As you must be able to tell by now, I loved this book. It's informative, it's funny and clever, it taught me things I didn't know, and it has personality. My ambition after reading it is to have dinner with McCloskey. Not just any dinner: I want dinner in her library—surely enormous, given the wealth of material quoted, summarized, disputed, analyzed, and referenced in these pages—so she can pull down favorite books to illustrate points. My fantasy dinner companions are some of the dozens of economists, historians, English professors, and others on whose work McCloskey draws. The conversation after dinner will last for hours, with all the good cheer and amiability evident throughout this book, in which McCloskey offers her intellectual opponents generous praise while delivering such thorough critiques that one imagines they are simultaneously quite pleased to be taken so seriously and perturbed by her points. In a way, I've had this dinner party already—that's how reading this book feels.

Two caveats, one small and one a bit larger. Small first: a quibble with the subtitle: ""Why Economics Can't Explain the Modern World." McCloskey's an economist and not just any economist, but one of the more important ones writing today. Yes, she's drawing on forms of data different from what most of our fellow economists count as data, using novels and songs and letters to the editor as worthy of analysis as texts, but these are ultimately inputs into an economic story. Yes, she's reading things other economists all too often fail to read, including works by non-mainstream economists like Israel Kirzner, who managed to be both an insightful writer on entrepreneurs and a rabbi. But this is a book filled with economic reasoning in every chapter. There is a chart, a few equations, and plenty of statistics. Thus I think economics gets to claim it, and McCloskey's reasoning, and McCloskey.
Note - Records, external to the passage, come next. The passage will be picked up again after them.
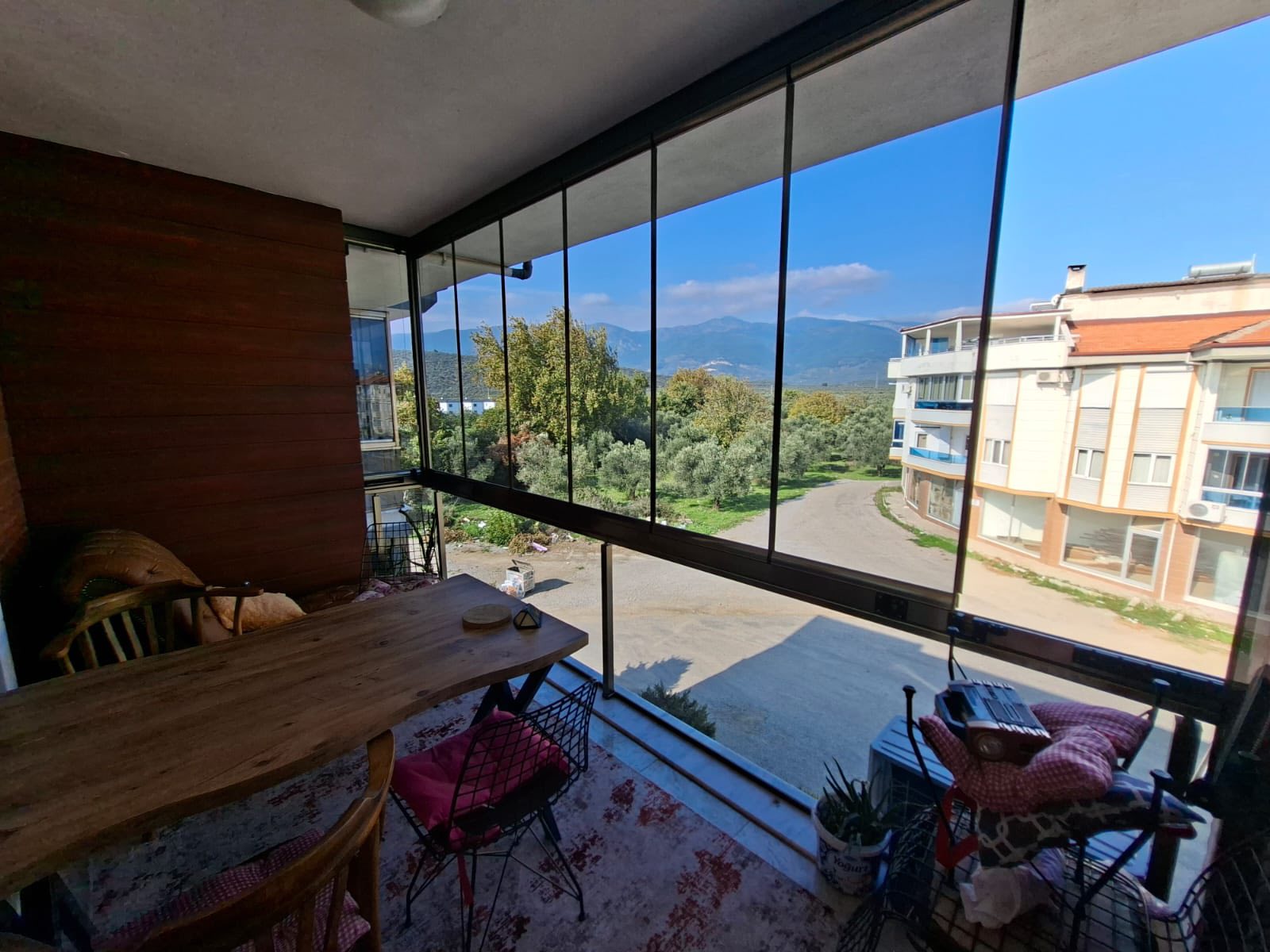 AKÇAY CEMİL TEMEL MAHALLESİNDE 2+1 AYRI MUTFAK ÖN CEPHE GENİŞ VE FERAH DAİRE - Görsel 5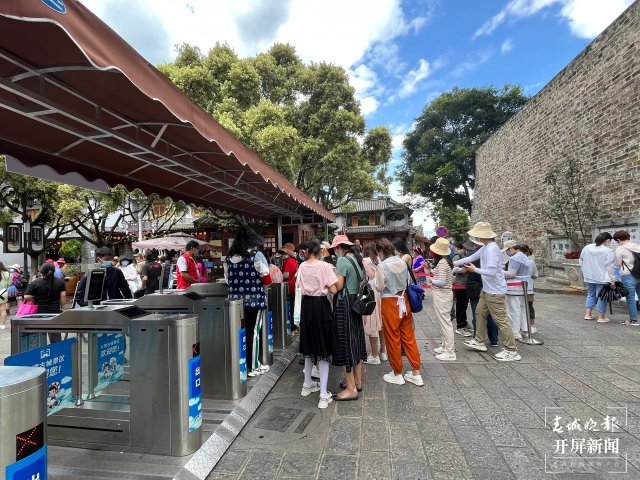 159万游客涌入大理古城,安全、有序的背后,为这群人点赞(刘文波 杨维琦 通讯员 李玲 金镇雄 摄)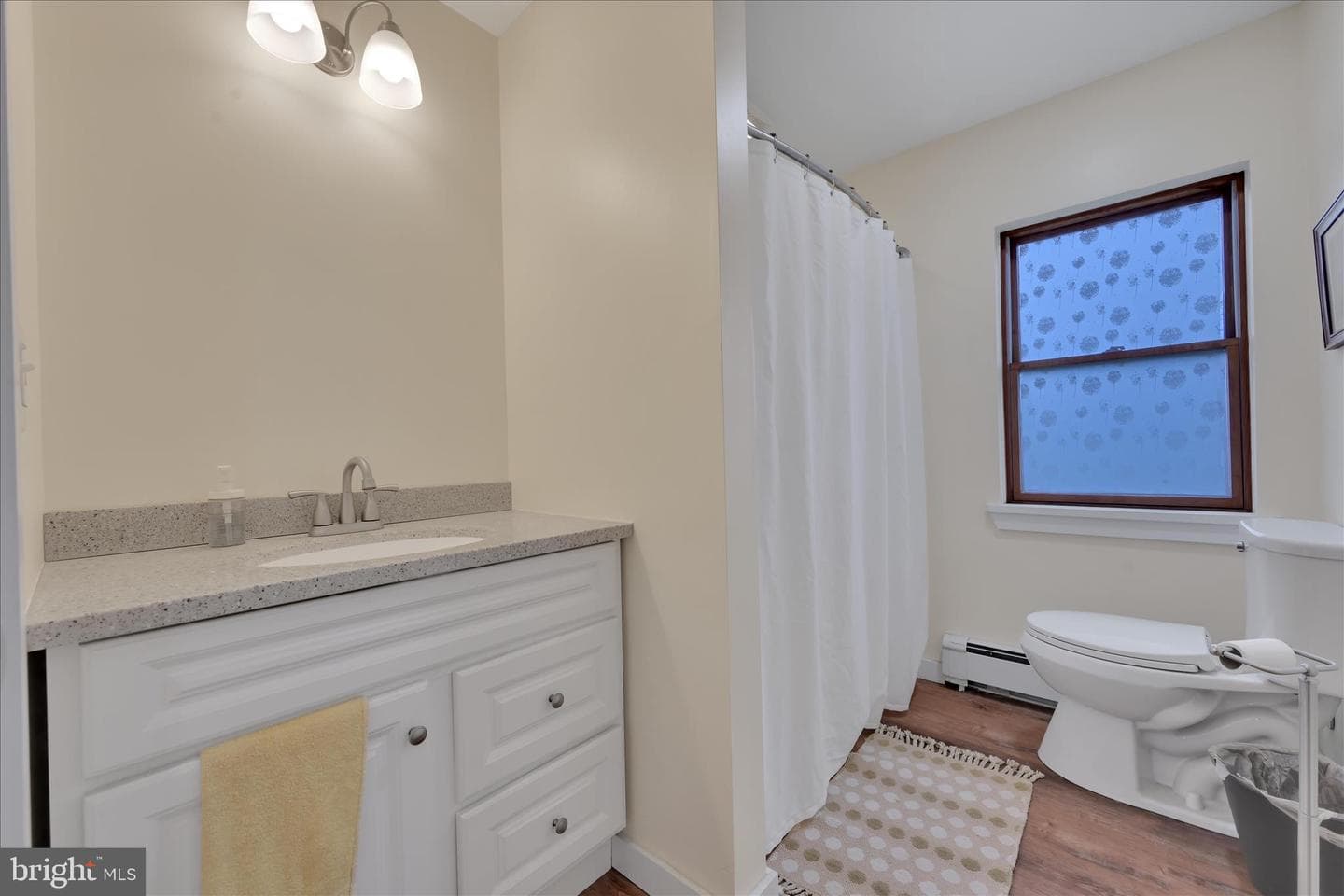 7 N Oak Lane photo 38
Indeed, the point of a great deal of McCloskey's quite interesting writing on economic methodology and rhetoric over the past few decades is that economics is more than just doing math and statistics. I think this book proves that point quite nicely. Economic factors might not explain how we got to the modern world, but this book is making a good start on doing so, and it would have been impossible to write had McCloskey been a less skilled economist.

The larger caveat is that for a book that contends that ideas in Northern Europe after 1700 were crucial to the most important economic event in history, there's little mention of religious ideas. There is a critique of Max Weber's "Protestant Ethic" theory, a quote from the Book of Isaiah, a reference to the "School of Salamanca" where 16th-century Catholic writers figured out much of economics, a quick detour on the problems created by the entwining of state and church in Russia, plus some lovely echoes of biblical language sprinkled throughout, revealing that McCloskey knows the Bible well. There's just not much discussion of the role of theological developments in advancing or retarding the embrace of the ideas McCloskey sees as central, even though many people in the Netherlands and Britain at the relevant moment invested heavily in thinking and talking about religion. Maybe the theological developments of this period didn't matter to the Revaluation, but if we take seriously the types of evidence McCloskey uses so well, it looks like they mattered a lot to people where and when it first happened. Hopefully this is mostly a matter of sequencing, and an extended discussion of the role of religious ideas in creating (or not) the modern world will be included in a subsequent volume. If it isn't, I've got the first discussion topic for my fantasy dinner with McCloskey—and you're invited.

Andrew P. Morriss is the D. Paul Jones, Jr. & Charlene Jones Chairholder in Law, University of Alabama School of Law, Tuscaloosa, Alabama.